About this task -> What you return should be the exact lines from the one with "KUNMI Pantalones de" to the end of the records below, both included, and no pictures.

Excerpts from a dataset
==============================
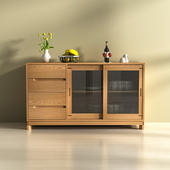 非晚白橡木餐边柜全实木储物柜玄关柜北欧备餐台茶水柜收纳柜碗柜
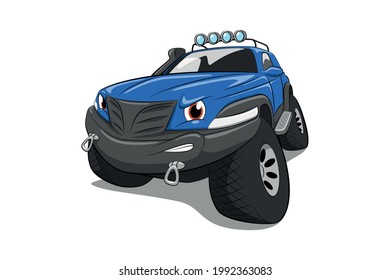 angry blue SUV on a white background. Cartoon car. Isolate.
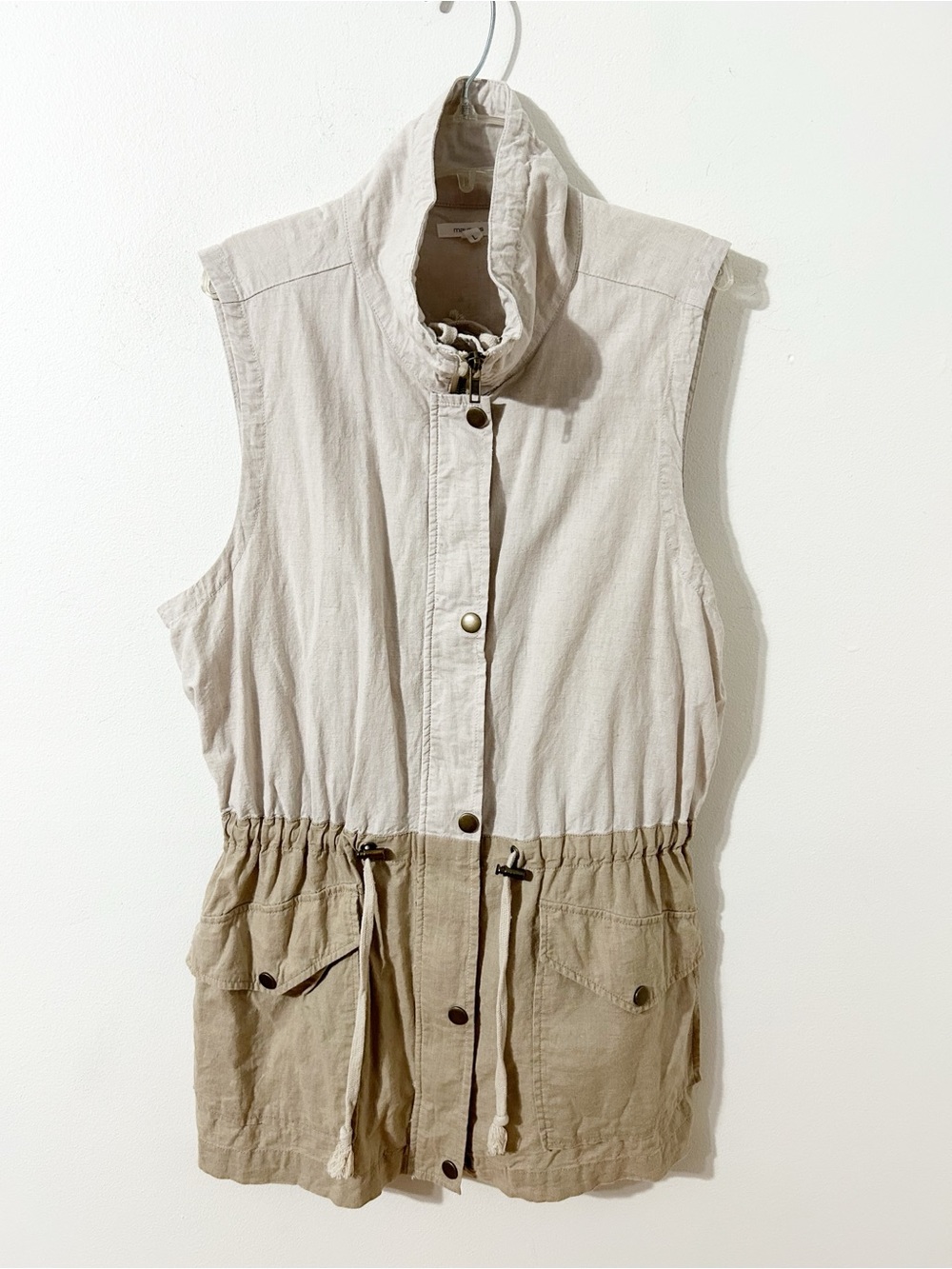 Maurices Linen Cotton Utility Vest TwoTone Beige and Tan Size L Drawstring Waist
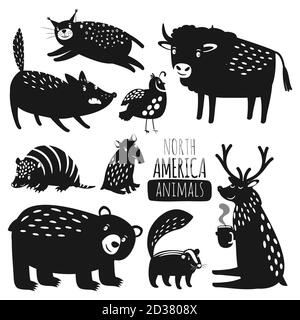 Silhouette degli animali americani della foresta. Set di silhoitte animali, renne e orso grizzly selvatico, lince e armadillo immagini vettoriali isolate su sfondo bianco Illustrazione Vettoriale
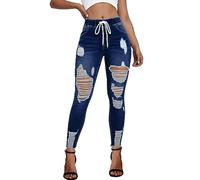 KUNMI Pantalones de mezclilla rasgados elásticos de cintura alta para mujer, talla grande, 002-azul oscuro-1, 3X-Large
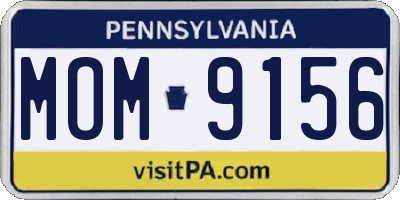 PA license plate MOM9156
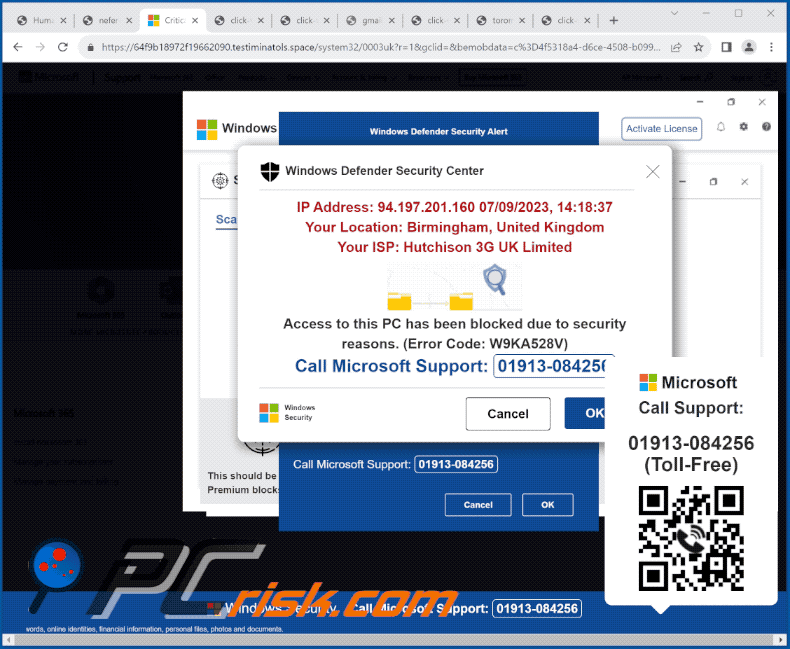 Weergave van de Error Code: W9KA528V scam (GIF)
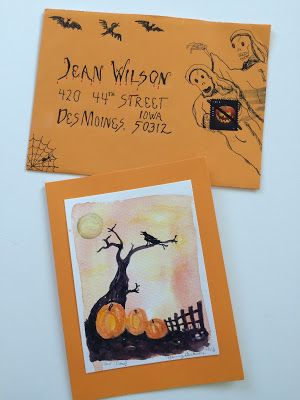 Halloween Pen Pal Ideas, Halloween Envelope Art, Stationary Station, Snail Mail Diy, Halloween Envelope, Pretty Mail, Halloween Mail, Spooky Letters, Decorative Envelopes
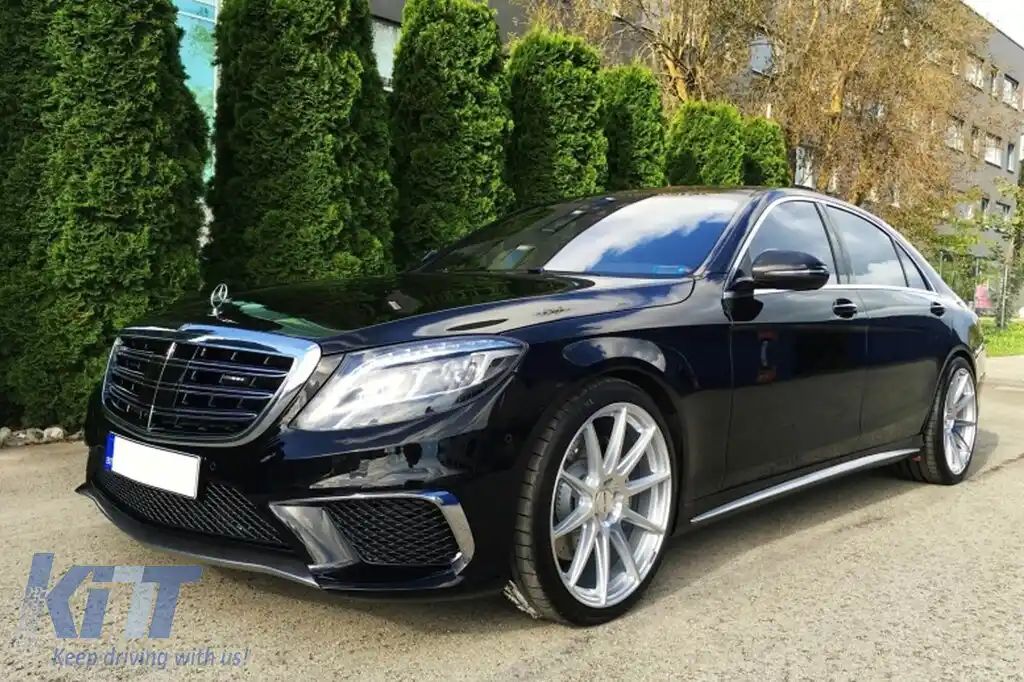 Grilă crom/neagră tip A Design potrivită pentru Mercedes S-Class W222 2013-2020 pentru modelul cu Distronic, fără Night Vision-image-6146528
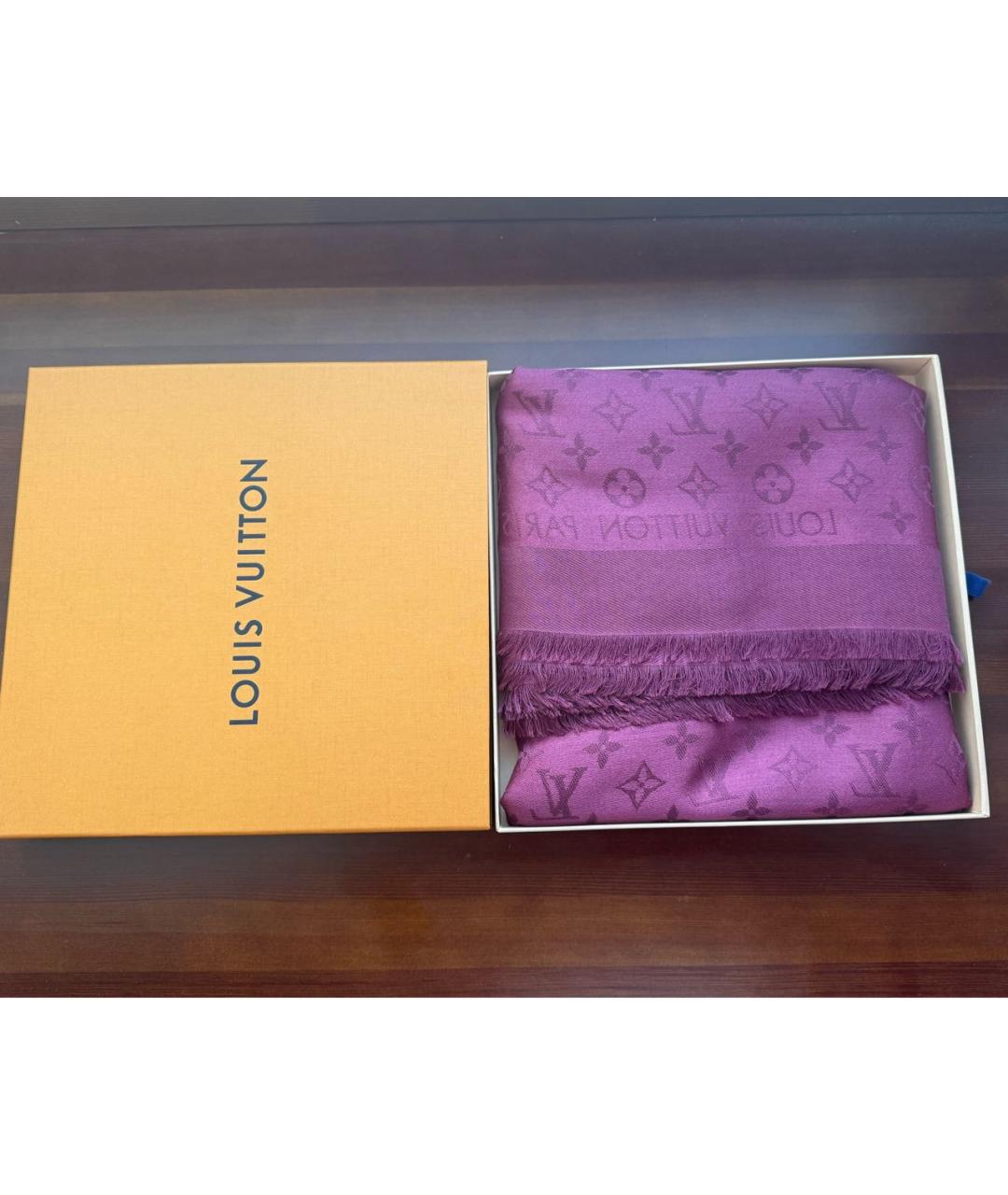 LOUIS VUITTON Бордовый шелковый платок, фото 4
==============================
Solution to this exercise ->
 KUNMI Pantalones de mezclilla rasgados elásticos de cintura alta para mujer, talla grande, 002-azul oscuro-1, 3X-Large
 PA license plate MOM9156
 Weergave van de Error Code: W9KA528V scam (GIF)
 Halloween Pen Pal Ideas, Halloween Envelope Art, Stationary Station, Snail Mail Diy, Halloween Envelope, Pretty Mail, Halloween Mail, Spooky Letters, Decorative Envelopes
 Grilă crom/neagră tip A Design potrivită pentru Mercedes S-Class W222 2013-2020 pentru modelul cu Distronic, fără Night Vision-image-6146528
 LOUIS VUITTON Бордовый шелковый платок, фото 4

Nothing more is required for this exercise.